The salvation of the Jews in Bulgaria is a remarkable, exceptional phenomenon, the Israel Council on Foreign Relations (ICFR) Director and Editor-in-Chief of the Israel Journal of Foreign Affairs, Dr Laurence Weinbaum, said in a lecture on dignity in the face of indifference and moral decadence at the international conference an international conference on “The Role of Jurists for the Salvation of the Bulgarian Jews,” held in Sofia on Thursday.
The salvation of the Bulgarian Jews was a civil society initiative, Weinbaum recalled. According to him, Bulgarians are rightly proud of this.
We cannot discuss in detail the biographies of 28,000 people, but if one leafs through them quickly, one will see that these rescuers were from different parties, and different walks of life in society, they did not have a single unifying factor, people were quite different, Dr Weinbaum added.
“We should all follow the light which Bulgaria emitted during World War II, it is the light that should guide us,” Israeli Ambassador in Sofia Yoram Elron said at the conference’s opening.

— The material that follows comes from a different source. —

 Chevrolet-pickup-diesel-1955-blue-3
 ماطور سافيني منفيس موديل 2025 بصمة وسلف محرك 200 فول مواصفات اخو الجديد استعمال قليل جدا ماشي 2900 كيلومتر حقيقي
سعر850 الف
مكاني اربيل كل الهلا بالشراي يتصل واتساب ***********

Ambassador Elron said Bulgaria stood up against the forces of evil during World War II and became the only country in which the number of Jews was larger after the war than before the war. He noted the important role of the Church, politicians, law professionals and ordinary citizens in rescuing the Bulgarian Jews.

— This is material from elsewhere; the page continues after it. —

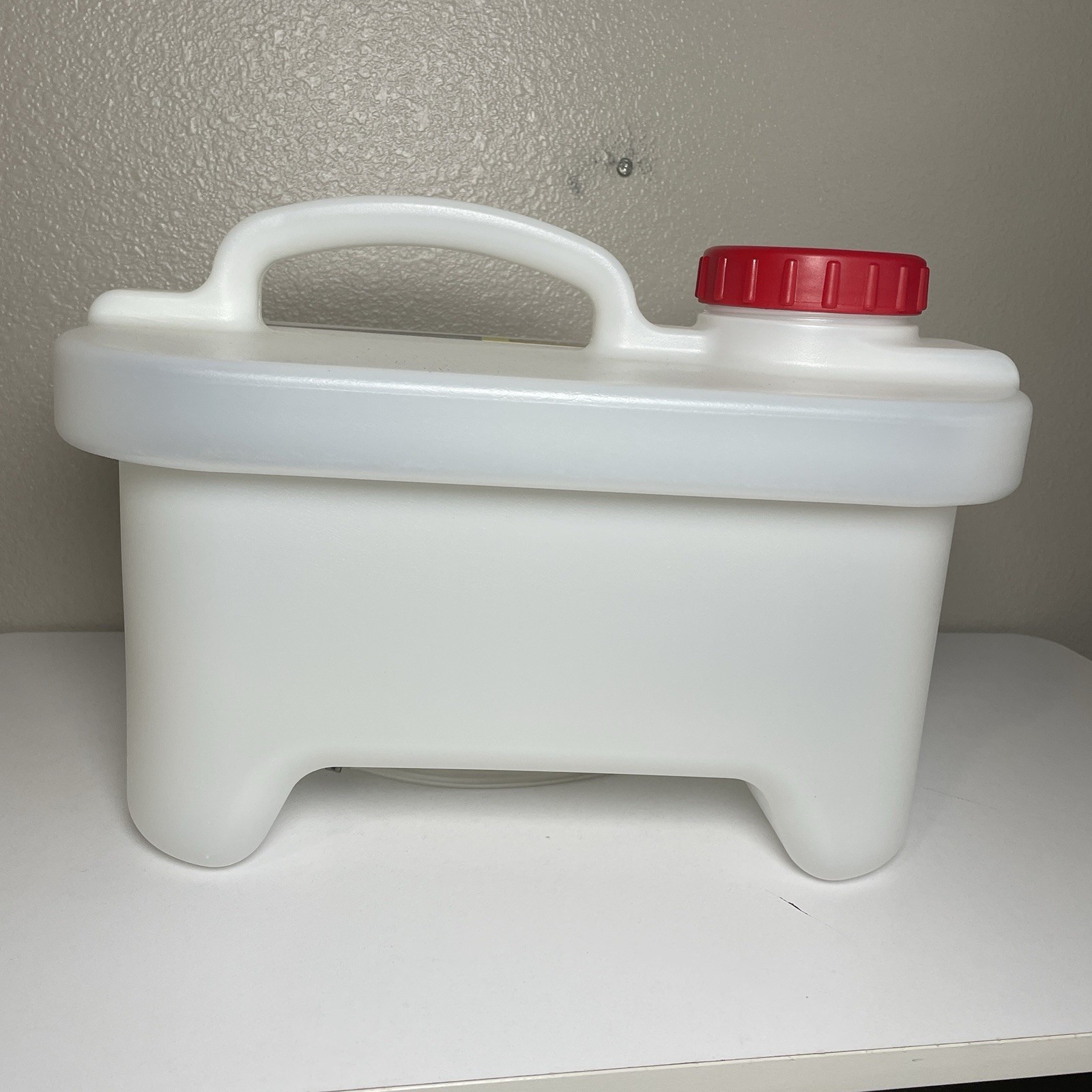 Rubbermaid Commercial HYGEN Pulse Caddy 2 Gal Q966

But he added that the 11,000-plus Jews in the Bulgarian-administrated regions of Western Thrace and Vardar Macedonia, who were not saved, should not be forgotten either.
“Eighty years after the events of 1943, it is with particular anguish that we recall the tragic fate of 11,343 Jews who were not Bulgarian citizens and then resided in parts of the then Yugoslavia and Northern Greece, whom the local Bulgarian administration was unable to save. We deeply moan those innocent Holocaust victims and will never forget them,” Bulgarian Foreign Minister Nikolay Milkov said, addressing the opening of the conference.
Not enough is known about the bright example of Bulgaria, which saved its Jews, Vice President Iliana Iotova said addressing the conference “The Jurists’ Role in Saving Bulgarian Jews”. According to her, various experts, specialists and historians should do a lot of research into the facts so that it could be known for sure what happened in those dark months in late 1942 and early 1943.
Eighty years ago, Bulgaria succeeded in saving 48,000 Jews. This unprecedented act recorded one of the brightest pages not only in Bulgarian but in world history, the Vice President said.
She noted that in other European countries, there were individual acts, certain people, who managed to save thousands of Jews, but what was different in Bulgaria was that the entire Bulgarian public rose against the deportation, and the individual representatives, whose names are known, expressed the opinion not only of the public but also of institutions.
The forum is co-organized by the Bulgarian foreign and culture ministries, the Israeli Embassy in Sofia, the Association of Prosecutors in Bulgaria, the Chamber of Investigators in Bulgaria, and the Federation of Zionists in Bulgaria. The initiative is part of the National Programme for Marking the 80th Anniversary of the Salvation of the Bulgarian Jews during World War II and is co-financed by the Ministry of Culture.